When this twig gall is live, it produces a sugary substance much desired by wood ants (genus Formica). In return, the ants may scare off would-be predators of the wasp larva within.
Cynipidae, Gall Wasps: Diplolepsis
Eulophidae? Gall wasps
Halictidae: Green Metallic Sweat Bee (Agapostemon)
Ichneumonidae: Giant Ichneumonid Wasp (Megarhyssa)
The long "tail" on this female wasp is an ovipositor. The female paralyzes a horntail wasp grub deep inside a dead tree, and leaves an egg. When the egg hatches, that grub feasts on the paralyzed horntail wasp grub. You can see a picture of the victim species farther down on this page.

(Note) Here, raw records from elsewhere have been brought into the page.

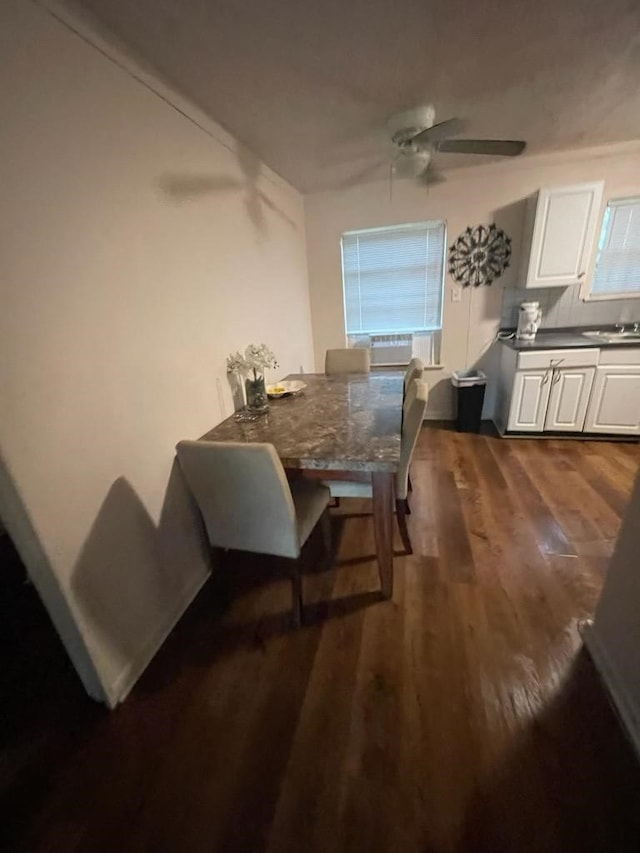 dining area featuring ceiling fan, sink, and dark hardwood / wood-style flooring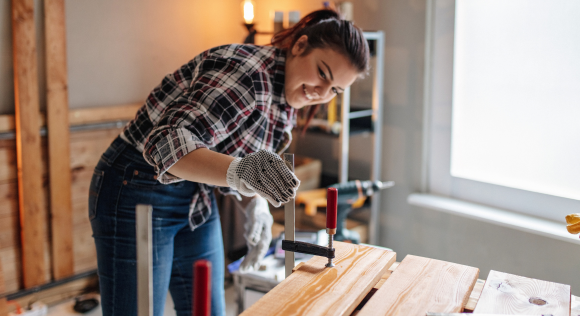 Woman working on her house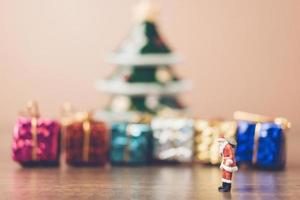 Santa Claus en miniatura con una bolsa, concepto de celebración de Navidad foto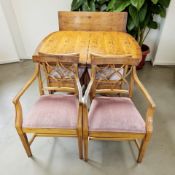A reproduction yew wood extending dining table with leaf,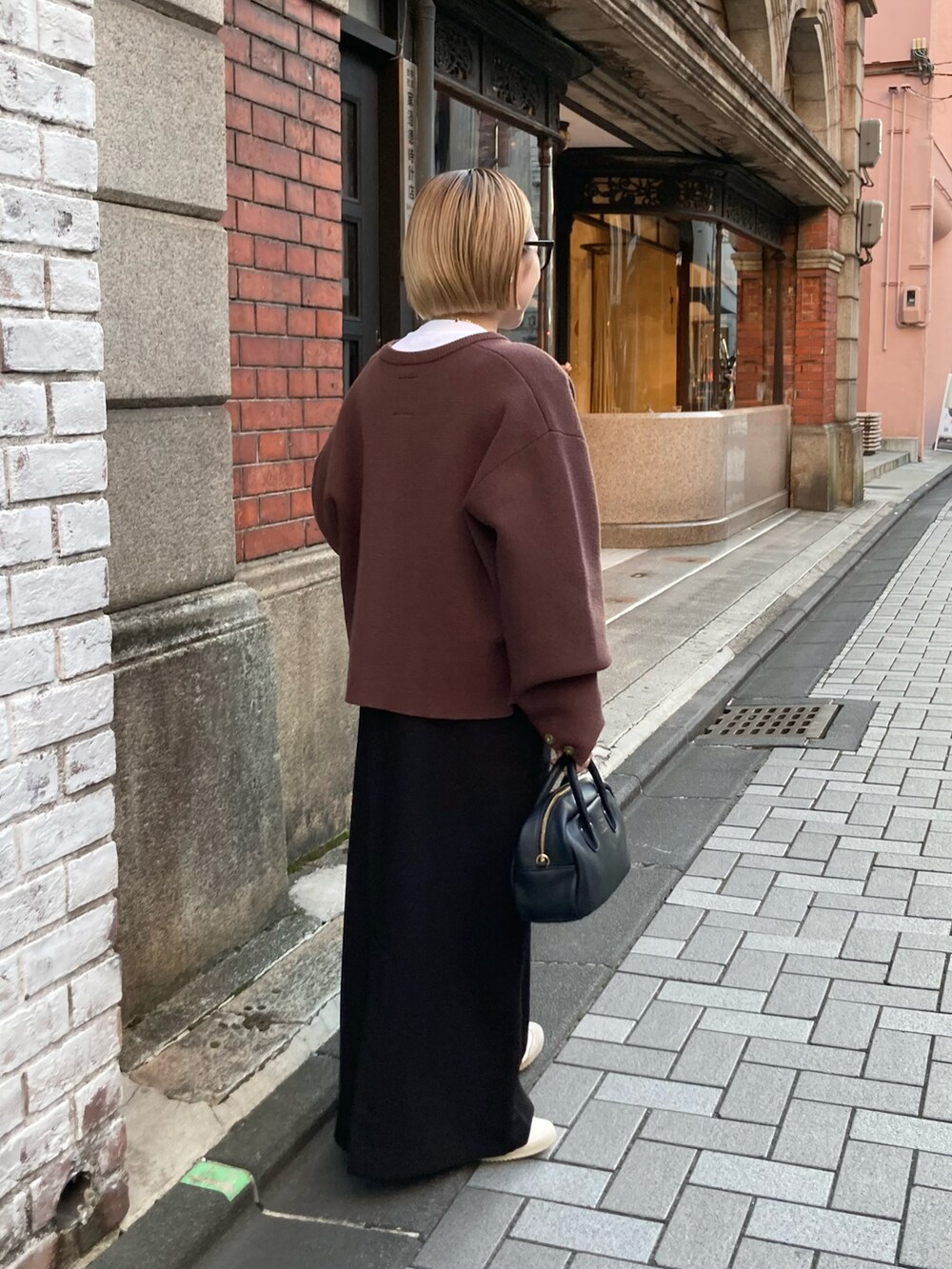 ブラック系のショルダーバッグ、ブラウン系のカーディガン/ボレロ、ブラック系のワンピースを着用したレディースの秋コーディネートの4枚目の写真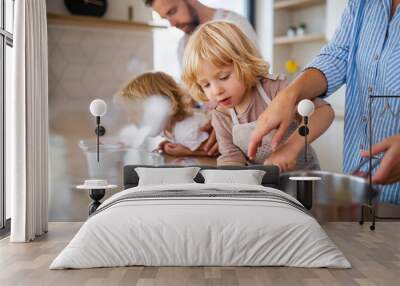 Young family with two small children indoors in kitchen, preparing food. Wall mural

Mutillidae: Velvet Ant (Dasymutilla)
Males of this genus have wings. The females don't, and instead travel, seemingly constantly, as they search for ground-dwelling bees and wasps to serve as hosts for their young.
Pompilidae: Spider Wasp
Spider Wasps paralyze spiders to serve as food for their larvae. Despite this ferocious approach to child-rearing, adult Spider Wasps are vegans, living off nectar.
Pompilidae: Tarantula Hawk (Pepsis)
Tarantula Hawk wasps include two genera, Pepsis and Hemipepsis. I'm putting this one in the former based on the blue sheen. In 1989 one species of Tarantula Hawk, P. formosa (now known as P. grossa), became the New Mexico state insect.
Siricidae: Banded Horntail (Urocerus gigas)
At first, this Banded Horntail looked like an especially large, especially nasty wasp. However, it sat docilely on a freshly felled tree as I approached with my camera. The yellow "stinger" is an ovipositor. To see a wasp species that preys on this one, check out the giant ichneumonid wasp earlier on this page.
As I ate lunch high in the Manzanitas, this wasp sipped from a drop of water on the rim of my water bottle—a recycled Gatorade bottle that retained the orange ring formerly attached to the cap. The adult wasps usually sip nectar from flowers, so the wasp may have flown to the plastic ring because of its bright color.